Hundreds of people have been given help to cope with a range of common mental health problems as part of a programme delivered by Mind practitioners via some surgeries in Cwm Taf.

The scheme – known as active monitoring – offers support to those who face anxiety, stress, mild depression, worry, low confidence, anger or grief.

Primary care clusters in Taff Ely and Cynon have agreements in place with Merthyr and the Valleys Mind to provide active monitoring within the GP practices.

The programme involves five face to face sessions of up to 40 minutes with a trained practitioner over eight weeks.

Practitioner Linda Allen, pictured, said: “The roll of the practitioner is to help people to recognise that they have the power to change the way they’re thinking, which enables them to change their thoughts and behaviours.

“Quite often they need someone to listen to them and to validate their experience is really affecting their life. The biggest issues we get through the door is anxiety.”

The sessions teach people proven techniques to cope with their feelings.

In the 12 months until March this year, the service received over 1,000 referrals in Taff Ely alone, with 814 people attending the ‘drop in’ session.

From 173 completed patient questionnaires, some 169 said that active monitoring had helped them in the short term with 153 thinking it would help them in the long term too.

Measurements of wellbeing showed overall improvements in feelings of anxiety, depression and general wellbeing and confidence.

Carrie Francis, from Aberdare, was referred to a Mind practitioner by her GP. The 28-year old secretary at a software company, and mother of a four year old boy, had suffered previously from postnatal depression and was feeling low and unsure what was happening to her.

“It turned me into a totally different person,” she said. “I struggled with it for months. It is a cruel thing.”

The depression returned at the end of 2017 when alongside medication, her GP recommended an active monitoring course.

“I decided to give it a go because nothing was working and I went along for an assessment, spoke about what I was struggling with and my daily routine. I was struggling even to take a shower, I was thinking I can’t do this.”

It had been a relief to meet the practitioner who described her negative thinking patterns and a positive thinking strategy to overcome them during six sessions.

By the second week her mental wellbeing scores were improving and continued to improve.

“Before I was really low and suffering from depression. I wasn’t active at all and I didn’t understand what was wrong with me as such and I needed help.

“I went to active monitoring and she told me what was wrong and said that she could help me. She gave me the techniques and strategy that was required. It was a massive relief.

“I can use the techniques in my day to day life so anytime I felt in a downward spiral I could practise what she had given me.

“Now I feel great. Unrecognisable to the person I was just seven or eight months ago. I feel more like who I was before the whole situation began. It really worked for me.”

Dr Kurt Burkhardt from Parc Canol surgery, in Church Village, said that increased pressures in modern life could be part of the reason for the rise in patients coming into surgeries with low or mild anxiety or depression.
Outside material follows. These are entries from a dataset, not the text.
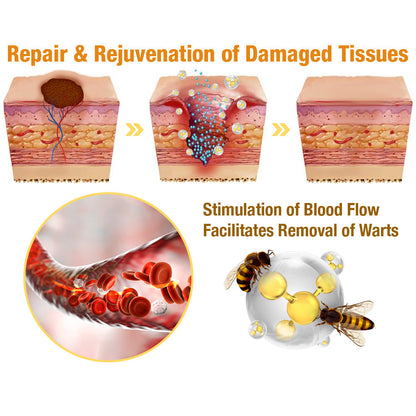 🐝LOVILDS™ Tag Recede Bee Venom Treatment Spray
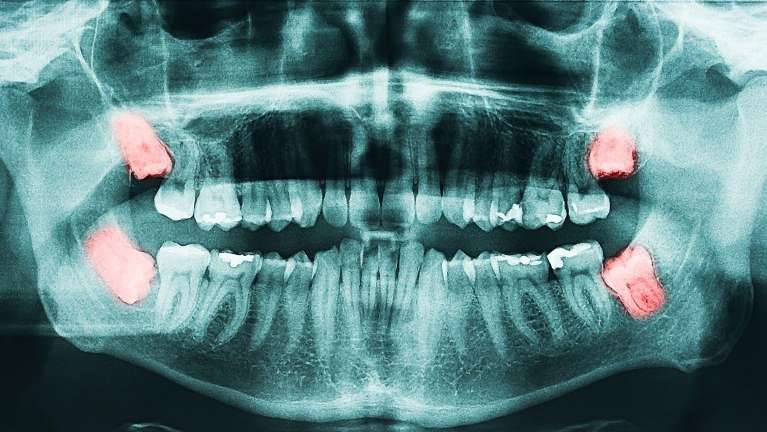 image of wisdom teeth in doreen vic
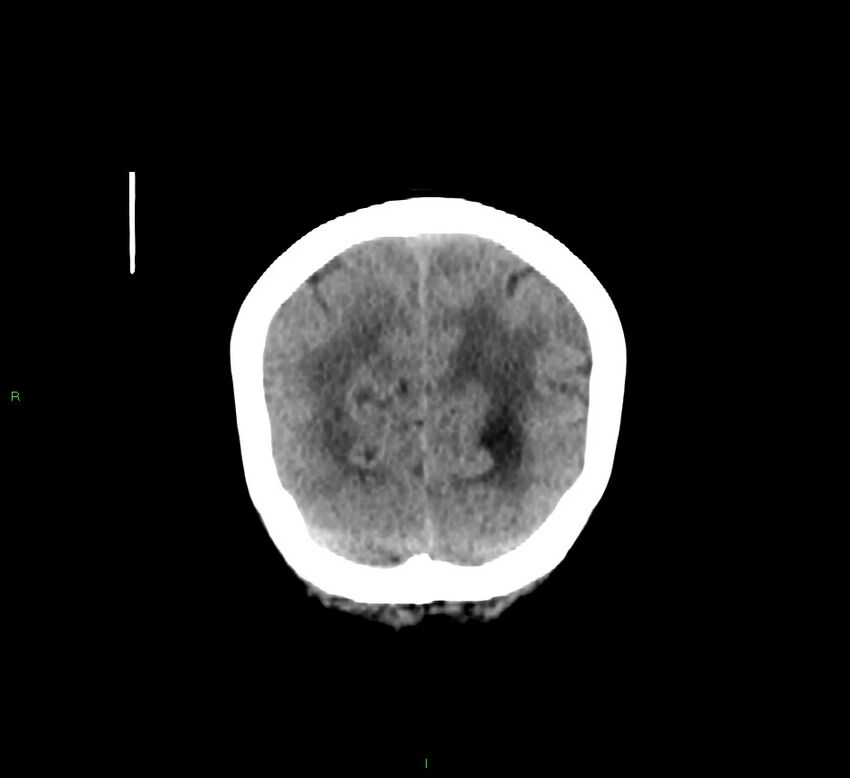 Cerebellar hemorrhage (Radiopaedia 58793-66027 Coronal non-contrast 16).jpg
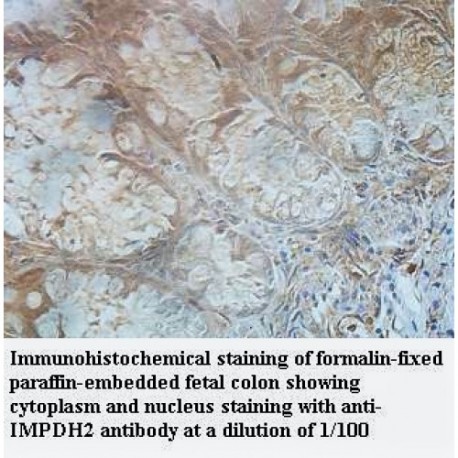 IMPDH2 Antibody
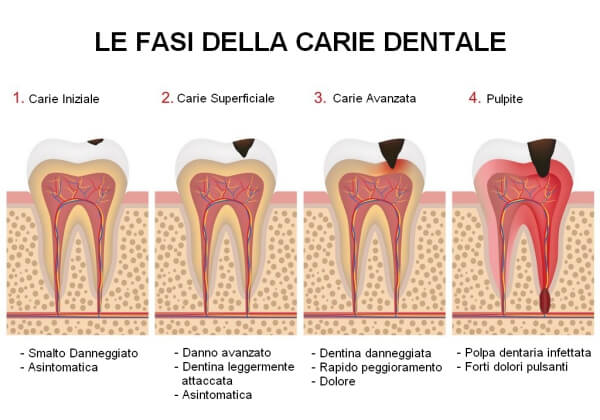 fasi della carie dentale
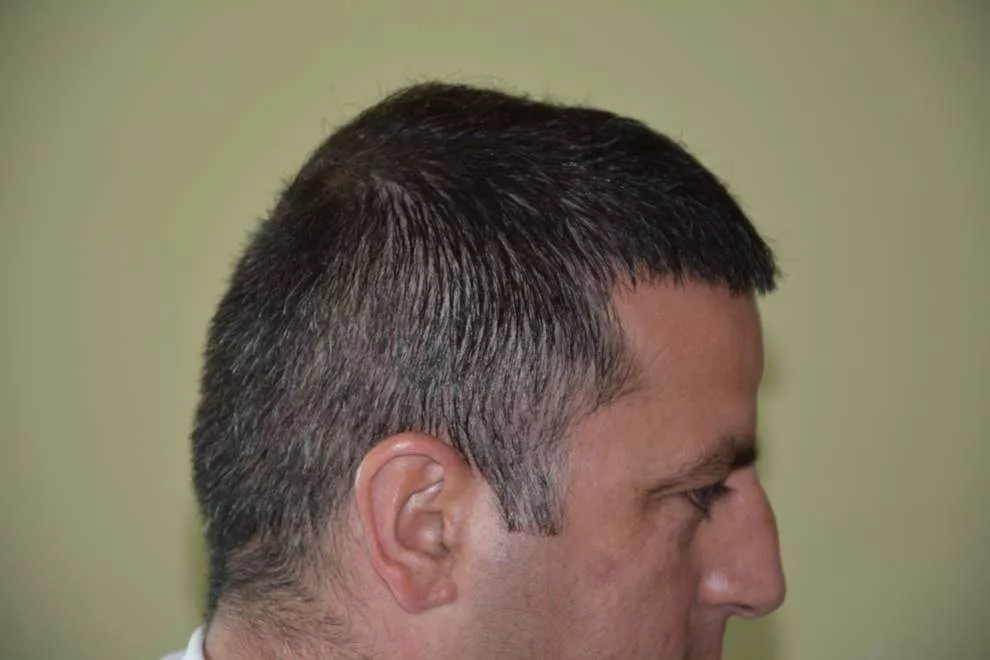 hair transplantation left side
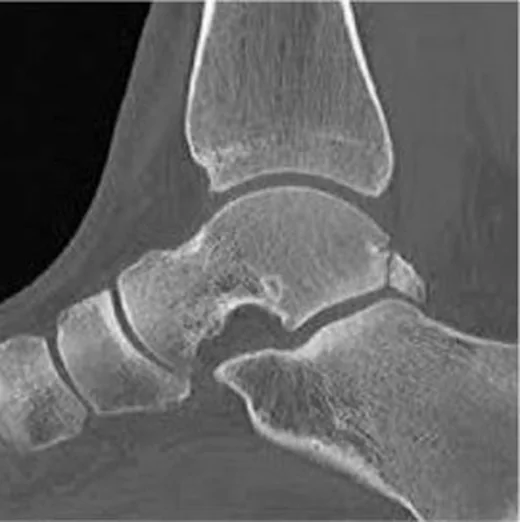 Talus proses kırıkları: yayımlanmış olgu görüntüsü, sagittal kesit
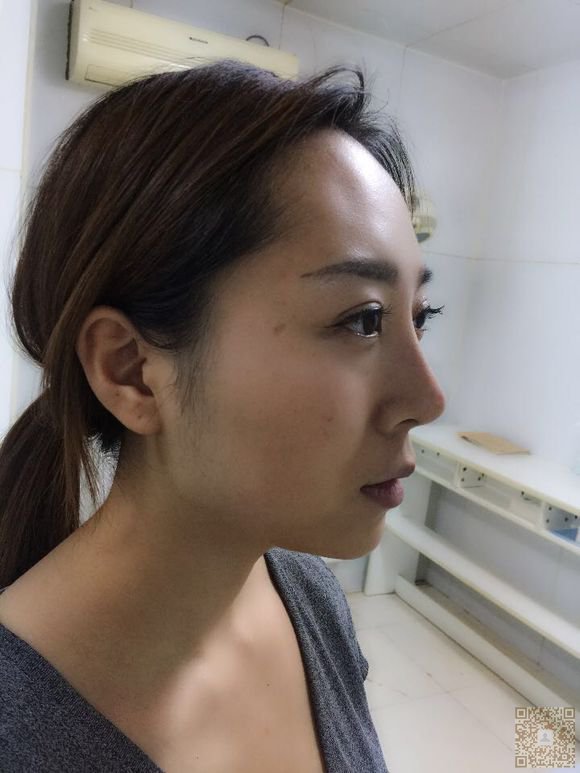 不开刀隆鼻带给我很大的改变011 不开刀隆鼻带给我很大的改变011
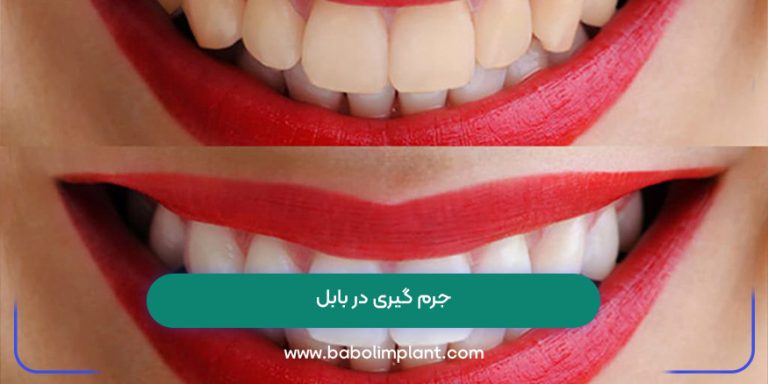 جرم گیری در بابل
“People can’t cope and they come to us to help. It can be that they don’t need a referral to the mental health service but just some more time to listen to them.
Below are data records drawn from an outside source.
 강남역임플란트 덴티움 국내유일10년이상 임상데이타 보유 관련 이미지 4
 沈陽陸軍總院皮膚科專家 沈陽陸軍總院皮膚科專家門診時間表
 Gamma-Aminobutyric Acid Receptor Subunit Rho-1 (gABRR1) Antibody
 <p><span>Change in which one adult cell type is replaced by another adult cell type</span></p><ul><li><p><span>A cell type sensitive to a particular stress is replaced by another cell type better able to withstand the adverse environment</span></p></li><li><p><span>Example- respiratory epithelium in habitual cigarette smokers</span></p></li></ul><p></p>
“The practitioners can still refer back to us if necessary and patients can self-refer to the practitioner without the need for a GP appointment.

“The benefits are improved access to service, reduced GP workload, with the right professional seeing the patient who can sign post them to other services that may help.

“The patient gets continuity of service, longer appointment times, and they report more satisfaction with the service because there is more time for them.”